In the near future, indecision on Syria, or a rejection by Congress of the administration’s proposed strikes, could erode the White House’s credibility and have ripple effects for other major policy aims, including immigration reform and fiscal issues, said Lara Brown, director of the political management program at George Washington University.
“That’s really the president’s problem,” she said. “Does he speak for the American people anymore? Can he rouse the Congress to follow his lead? Those are big questions for him.”
If the Syrian civil war continues and Mr. Assad continues to kill his own people and stir unrest in the broader Middle East, Mr. Obama may look back and wish he had acted more strongly despite opposition from the American people and from Congress.
Mr. Obama hasn’t said whether he would order a missile strike without congressional approval, but the lesson of Rwanda clearly has been on his mind.
In 1994, while Mr. Clinton was president, a genocide took place in the central African nation. Over a period of 100 days, ethnic Hutus slaughtered Tutsis. About 800,000 people were killed.
Samantha Power, Mr. Obama’s ambassador to the United Nations, wrote in 2001 that Mr. Clinton “had shown virtually no interest in stopping the genocide.” Mr. Clinton later said it was among his greatest regrets as president.
Last week, Mr. Obama raised the Rwandan genocide while discussing Syria.
“People who decry international inaction in Rwanda and say, ‘How terrible it is that there are these human rights violations that take place around the world, and why aren’t we doing something about it?’” he said. “And they always look to the United States. ‘Why isn’t the United States doing something about this, the most powerful nation on earth? Why are you allowing these terrible things to happen?’”
Incoherent foreign policy
Rwanda is one of the “moral strings that the administration can pull,” said Brett Schaefer, a foreign policy analyst at the conservative Heritage Foundation. But Mr. Schaefer said the president’s decisions to seek congressional approval and then to pursue a belated course of action at the United Nations are evidence that he has lacked a consistent policy on Syria ever since he said the use of chemical weapons would cross a “red line” requiring tougher U.S. action.

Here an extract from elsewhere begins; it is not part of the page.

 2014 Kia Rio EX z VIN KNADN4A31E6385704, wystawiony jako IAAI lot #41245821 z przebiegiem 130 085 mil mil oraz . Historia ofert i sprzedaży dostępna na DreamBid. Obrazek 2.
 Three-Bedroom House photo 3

“I am utterly convinced that there is no coherent strategy at all in the administration’s approach to Syria,” Mr. Schaefer said. “The administration felt painted into a corner by the president’s ‘red line’ comments a year ago. They felt that their credibility was on the line and thus they had to do something about it. But ultimately the president did not want to take action, and therefore he kicked the ball over to Congress. And then Secretary Kerry’s impromptu remarks were subsequently seized by the Russians and the Syrians. [They have] taken the initiative completely away from the administration. They’re along for the ride at this point.”
The president and his top aides have said Russia and Syria would not have agreed to discuss a deal without the threat of U.S. military force.
“Does anybody really believe that deploying the same approaches we have tried for the last year will suddenly be effective?” she said.
“It is possible that Assad could give up those weapons and perhaps it could heal some of the rifts that have occurred with Russia lately,” she said. “If we’re all the sudden siding with Russia and this becomes a bridge through which we could work, there’s a possibility it could be in [Obama’s] favor” from a historical point of view.